There is supposed to be something of an Internet revolution going on right now in Egypt, but have you noticed that the Internet isn’t directly involved? Oh there’s plenty of Twittering going-on, but it is all about the demonstrations and civil unrest in Cairo — not from those crowds. The Internet was turned off, you say, along with the mobile phone networks, but that misses my point. I think the Internet component of this social movement is being overblown. While it may be easy for a reporter to say that the Internet or texting or Facebook or Twitter is at the heart of what appears to be a multinational revolutionary juggernaut, I don’t think that’s true. I think it was just ready to happen.

What’s taking place right now is very similar to the Revolution of 1848 and there was no Internet for that one.

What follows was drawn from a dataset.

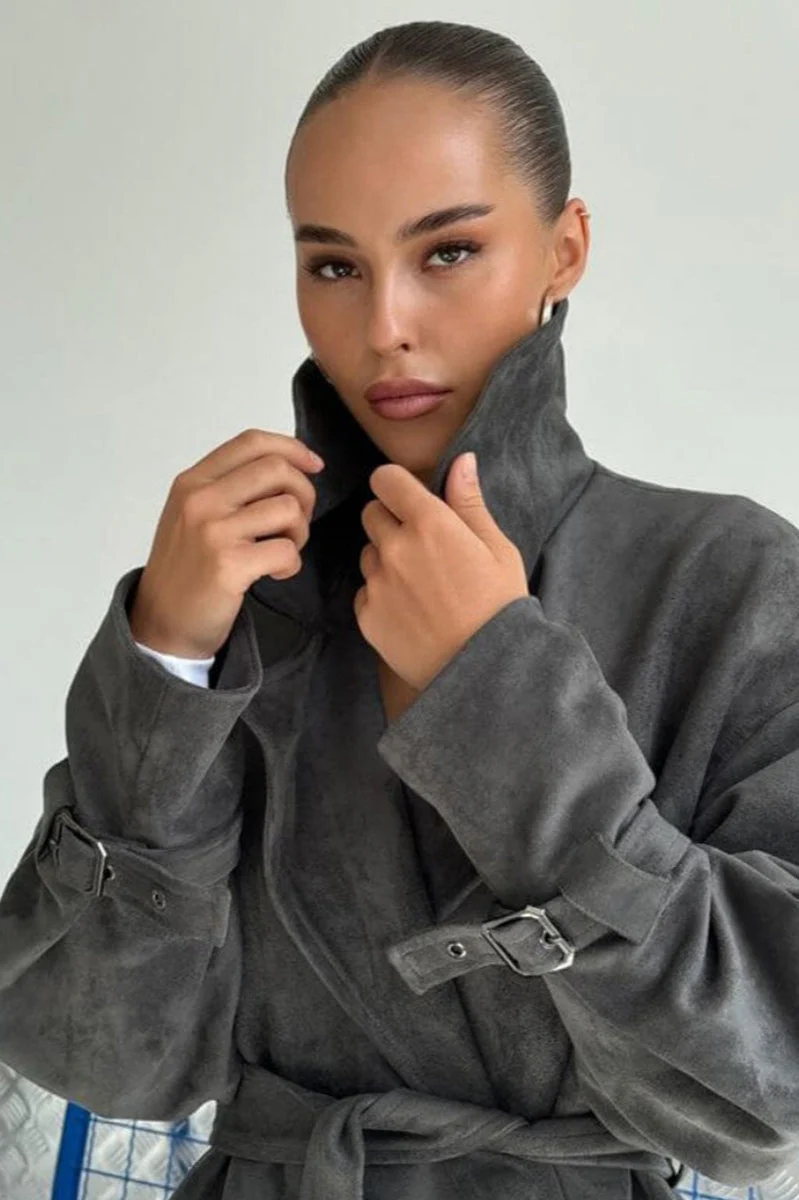 Vintage Suede Lapel Tie Waist Jacket Coat - Image 7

Beginning in France, 1848 saw a social revolution sweep across much of Europe, toppling most governments of the time. Monarchies and ministers alike fell with some like Metternich of Austria having been in power as long as Mubarak has been in Egypt. Yet there was no Twitter in Vienna in 1848. No telephone (that was 30 years away), no telegraph (invented in 1844 but not yet deployed in Central Europe), railroads were just beginning to be built, and even Reuters’ carrier pigeons were a dozen years in the future. All communication other than oratory or theater was written in 1848 and went the slow way, by ship, horse, or foot. And yet, in a single year, nearly the entire continent saw revolutionary change.

The simple explanation for 1848 was that people had been unhappy for a long time and were ready for a change. They were angry and the power brokers of the time like Metternich were old, fat, and too used to power. Doesn’t that sound like much of the Middle East today? These nations have old leaders, rigid bureaucracies, and very young populations that don’t really know what they have to gain or lose, but just want something different.

So Tunisia fell and then maybe Egypt. The King of Jordan fired his cabinet, trying to look like part of the solution, not the problem. It will be interesting to see if that works. And did you read Colonel Gaddafi’s lament for the passing of the Tunisian dictator on his flank? I knew Gaddafi in the 70s and his sentiments weren’t for Tunisia but for himself.

The literal old man of the Middle East is Saudi Arabia, where the royal succession is from brother-to-brother — a system that literally can’t continue with the youngest son of the country’s founder, Abdul Aziz ibn Saud, now 67 years old. It will be interesting to see if the cousins are able to work that one out. I have my doubts.